Careful.
Balancing.
Building something neither of us is ready to name.
I exhale slowly. “We should probably sleep,” I say.
“Probably.”
He steps closer once more and gives me a soft side hug, carefully, like he’s still honoring the line we drew earlier.
“Tomorrow’s going to be normal,” he says quietly. “I’ll drop Maddie at school. We’ve got a team meeting in the morning, then practice. I’ll hit the gym after. Jenna’s picking Maddie up and taking her to hockey. She leaves next Friday. We have to get on that."
He pulls back just enough to look at me. “We’ll meet back here for dinner?”
The normalcy of it steadies something in me.

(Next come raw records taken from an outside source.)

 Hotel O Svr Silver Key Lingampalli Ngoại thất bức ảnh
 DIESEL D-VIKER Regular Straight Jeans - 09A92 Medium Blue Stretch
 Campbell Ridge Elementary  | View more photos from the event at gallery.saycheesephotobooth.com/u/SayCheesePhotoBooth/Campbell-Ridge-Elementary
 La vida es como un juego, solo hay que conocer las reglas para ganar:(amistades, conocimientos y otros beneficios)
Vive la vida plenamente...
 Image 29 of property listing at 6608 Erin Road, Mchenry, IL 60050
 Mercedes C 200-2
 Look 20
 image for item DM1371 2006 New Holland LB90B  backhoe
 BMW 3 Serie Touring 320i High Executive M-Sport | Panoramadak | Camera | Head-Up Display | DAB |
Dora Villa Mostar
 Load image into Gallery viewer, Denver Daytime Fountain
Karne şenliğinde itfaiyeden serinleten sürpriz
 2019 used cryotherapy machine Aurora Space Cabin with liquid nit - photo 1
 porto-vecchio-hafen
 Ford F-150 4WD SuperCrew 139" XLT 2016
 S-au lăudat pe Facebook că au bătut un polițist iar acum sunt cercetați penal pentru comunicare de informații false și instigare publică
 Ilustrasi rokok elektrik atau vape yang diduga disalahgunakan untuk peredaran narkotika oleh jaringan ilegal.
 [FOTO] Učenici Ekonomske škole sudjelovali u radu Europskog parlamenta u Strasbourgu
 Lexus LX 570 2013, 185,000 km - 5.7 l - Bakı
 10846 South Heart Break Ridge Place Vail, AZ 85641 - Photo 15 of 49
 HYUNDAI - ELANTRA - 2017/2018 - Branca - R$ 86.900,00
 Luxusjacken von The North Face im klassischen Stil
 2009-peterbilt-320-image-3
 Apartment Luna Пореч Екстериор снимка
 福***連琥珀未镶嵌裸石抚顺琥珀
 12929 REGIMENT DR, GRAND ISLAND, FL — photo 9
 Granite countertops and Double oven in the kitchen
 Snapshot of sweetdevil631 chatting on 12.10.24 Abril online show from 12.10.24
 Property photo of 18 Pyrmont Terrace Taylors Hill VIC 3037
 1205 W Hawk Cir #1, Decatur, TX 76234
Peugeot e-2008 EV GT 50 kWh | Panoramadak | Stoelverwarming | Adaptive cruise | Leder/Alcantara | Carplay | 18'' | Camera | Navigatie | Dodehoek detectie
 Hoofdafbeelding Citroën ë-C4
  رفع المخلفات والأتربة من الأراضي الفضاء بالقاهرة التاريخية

“I have two morning calls,” I tell him. “Then I’m heading into the office for a few hours."
I hold his gaze. “Yes. Home for dinner. I’ll swing by the grocery store on the way back. How about I make my famous spaghetti and meatballs for our first dinner here?
"Sounds great."
"It's really good. You'll like it."
“Goodnight, Natalie.”
“Goodnight, Gabriel.”
No husband.
No wife.
Just us.
I walk back upstairs, aware of every creak in the floor.
Inside my room, I close the door and lean against it.
My lips still feel warm.
I press my fingers there.
This was not part of the plan.
The plan was simple.
Stable.
Strategic.
This is none of those things.
This is messy and charged and very, very real.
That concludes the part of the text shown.